Je me dis que nous nous reverrons encore, sans trop approfondir ce vouloir, cette possibilité. Voilà donc encore une fille. Je l’avoue c’est un peu trop, cette pauvre enfant née le même jour que moi mais après deux époques de prescriptions, sera j’espère, plus heureuse. L’étoile mauvaise a eu tout le temps de devenir bonne je le lui souhaite de cœur, mais ma chère Constance, j’ai la ferme espérance comme toi que l’influence du jour lui donnera un cœur comme le mien, tout dévoué à ses bonnes tantes.

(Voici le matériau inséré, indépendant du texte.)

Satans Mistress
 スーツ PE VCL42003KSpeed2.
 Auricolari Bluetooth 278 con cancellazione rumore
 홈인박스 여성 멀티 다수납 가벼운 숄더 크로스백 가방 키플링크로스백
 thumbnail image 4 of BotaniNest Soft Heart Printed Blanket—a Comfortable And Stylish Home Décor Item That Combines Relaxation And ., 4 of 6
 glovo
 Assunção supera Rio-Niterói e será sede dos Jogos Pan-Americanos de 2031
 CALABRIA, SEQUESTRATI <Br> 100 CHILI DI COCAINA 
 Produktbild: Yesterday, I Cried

J’embrasse ma petite Marie. Je parlais à Charles dans ma lettre des jeux gymnastiques j’ai peur de ne pas m’être bien expliquée. Ce n’est point pour redresser la taille, mais pour aider au développement, pour grandir. S’il est possible, sous ce rapport je ne cesserai de le recommander pour les deux aînés ; peut-être que ce sera inutile pour elles comme pour Valentine qui le regrette bien aujourd’hui.

Voilà enfin une lettre de Louise et des nouvelles de tous je l’en remercie et lui écrirai bientôt. Je n’ai rien de particulier à te dire. Les enfants de Jenny, je sais qu’ils vont bien mais je n’ai vu personne, hors le domestique depuis le jour de l’an ; n’ayant pas la grande Marie et la petite. Etant fort enrhumée, le temps affreux, je ne puis envoyer chercher Fanny, je pense qu’elle voudrait être auprès de ta mère , mais elle est si bien ici, les occasions seront rares encore longtemps, c’est dire qu’il le veut ainsi.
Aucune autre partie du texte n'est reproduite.